Felicitas Weber, KnowTheChain project director at the Business and Human Rights Resource Centre — a publisher of benchmark reports on global supply chains for the apparel and footwear industries — said that brands complicit in this system in more ways than one.
“A lot of times supply chains are really very complex, but that is also a choice: How complex do you want to make your supply chains? We’ve seen some companies trying to reduce the complexity in their supply chains, working with key suppliers and having longer-term relationships [to increase transparency],” she said.

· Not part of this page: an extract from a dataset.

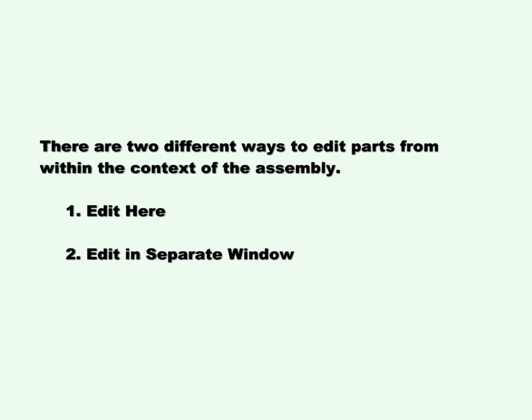There are two different ways to edit parts from within the context of the assembly. One, edit here. Two, edit in separate window.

But even in cases where serious human rights violations are alleged, brands will find it difficult to be compliant with new American and European laws in a timely manner. Given the complexity of the issue and the growing support of the draft legislation, what do brands need to do now to start moving in the right direction?
What’s Happening in Xinjiang
First, executives need a better understanding of the issue and assign it a higher priority.
“I don’t think, for the most part, brands are intentionally not trying, it’s just that there are so many other things to worry about, perhaps it’s not on the top of their priority list,” explained Melanie DiSalvo, who founded sustainable supply chain consultancy Virtue + Vice after building a career sourcing for major retailers like Target and Walmart.
Nevertheless, as 2020 dawned, many apparel brands had already taken steps to distance themselves from sourcing and manufacturing in Xinjiang. More than one million people are believed by human rights groups, including the UN Committee on the Elimination of Racial Discrimination, to have been detained there in what the Chinese government has described as a “re-education” programme, with a “training” element that sees Uighur detainees work in manufacturing plants and agricultural enterprises.
According to the Chinese authorities, this “training” will help Uighurs obtain gainful employment and earn higher wages than they may be able to otherwise. However, many international governmental and human rights groups, including United Nations human rights officials, remain sceptical of this explanation, calling on Chinese authorities to close its Xinjiang camps and end its broader “crackdown” on the Uighur people.
But extricating a fashion company’s supply chain from this one problematic area on China’s northwest frontier has proven more difficult than it first seemed. While it is relatively easy to pivot away from apparel or footwear manufacturers in the region, it is much harder to avoid Xinjiang cotton, which is deeply entwined in the global fashion supply chain.
China is the world’s largest producer of cotton and, according to China’s National Bureau of Statistics, 74.4 percent of its cotton is produced in Xinjiang. There are widespread allegations that forced Uighur labour is being used to pick at least some of it.
Transferred workers are assigned minders and have limited freedom of movement.
Cotton from Xinjiang is then shipped to yarn spinners not only throughout China but offshore to other garment production hubs in Bangladesh, Cambodia and Vietnam. It is also combined, in many cases, with cotton from other regions to blur its origins, making it difficult for fashion companies to track to its source.
“It’s really difficult to trace cotton and raw materials because they do get mixed up in the process,” DiSalvo said, adding that it can be even harder for small, independent brands to be able to decipher the origins of their cotton.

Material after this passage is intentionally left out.